* **What this task involves**
The line with "Condo entryway and" marks the start; please set it down along with all later lines through the end of the material, exactly, leaving out pictures.

* **Supplied material**
+--

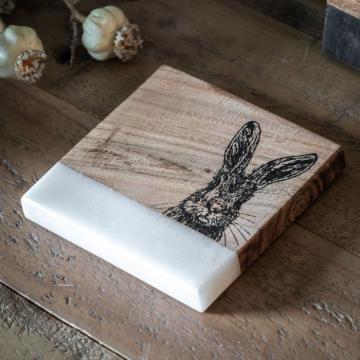 Hare Coasters White Marble (Set of 4) 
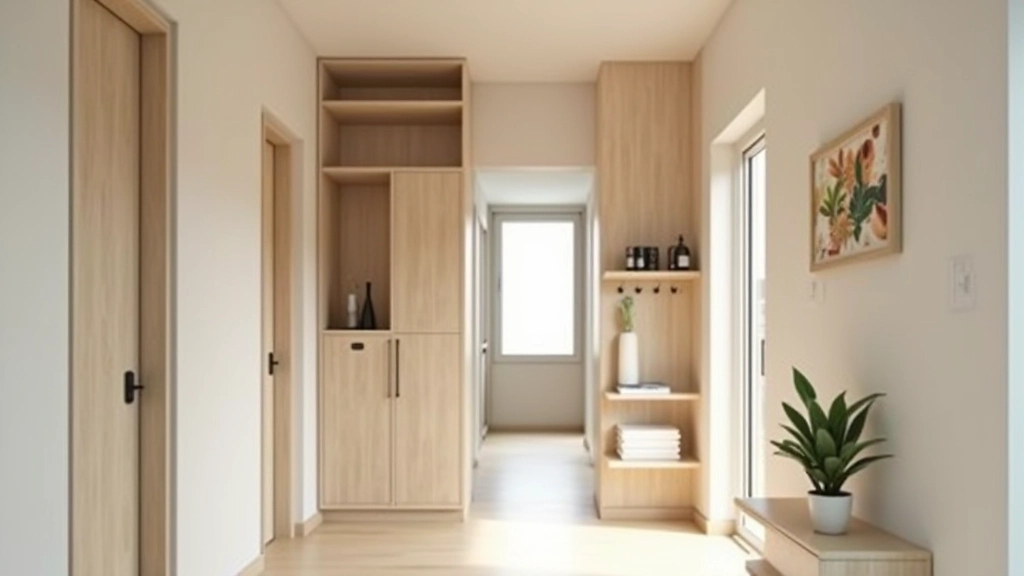 Condo entryway and hallway with vertical storage solutions including wall-mounted shelving, hooks, and cubbies demonstrating smart use of vertical space in compact areas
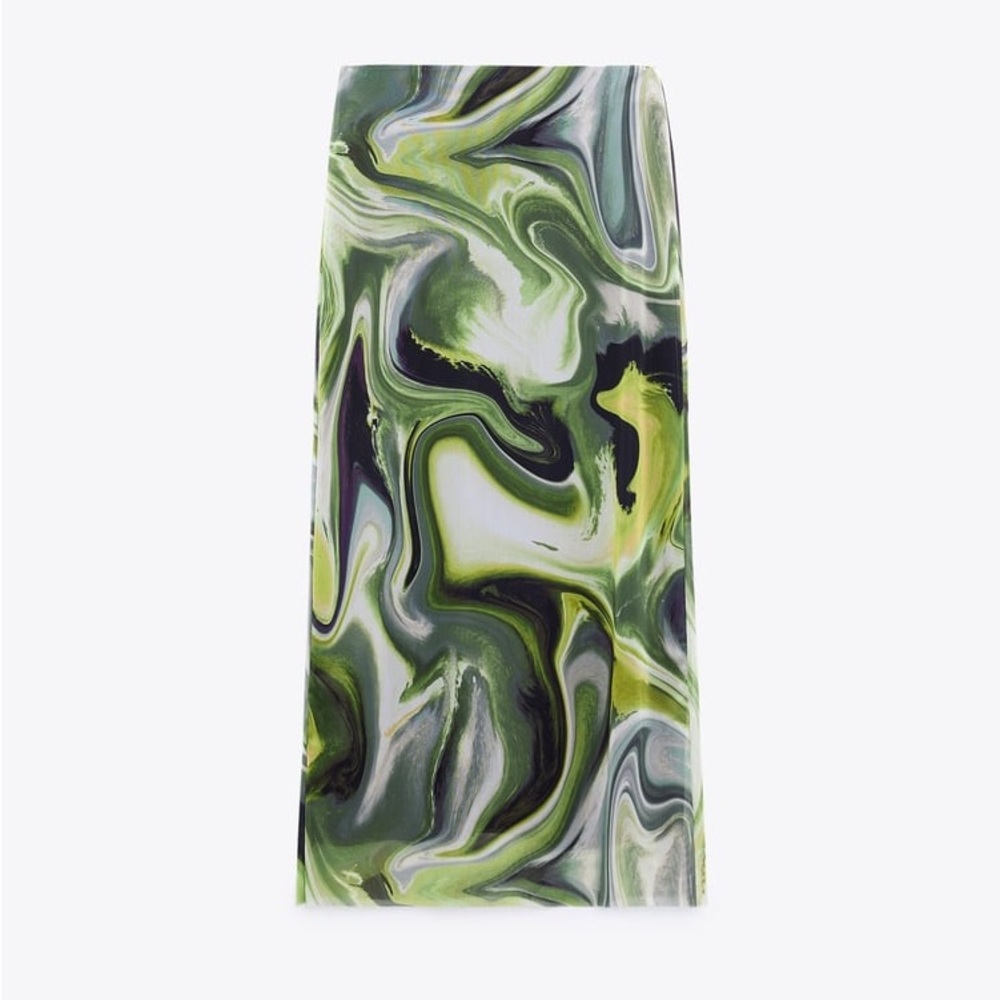 Zara Green Abstract Midi Skirt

+--

* **Exercise output**
 Condo entryway and hallway with vertical storage solutions including wall-mounted shelving, hooks, and cubbies demonstrating smart use of vertical space in compact areas
 Zara Green Abstract Midi Skirt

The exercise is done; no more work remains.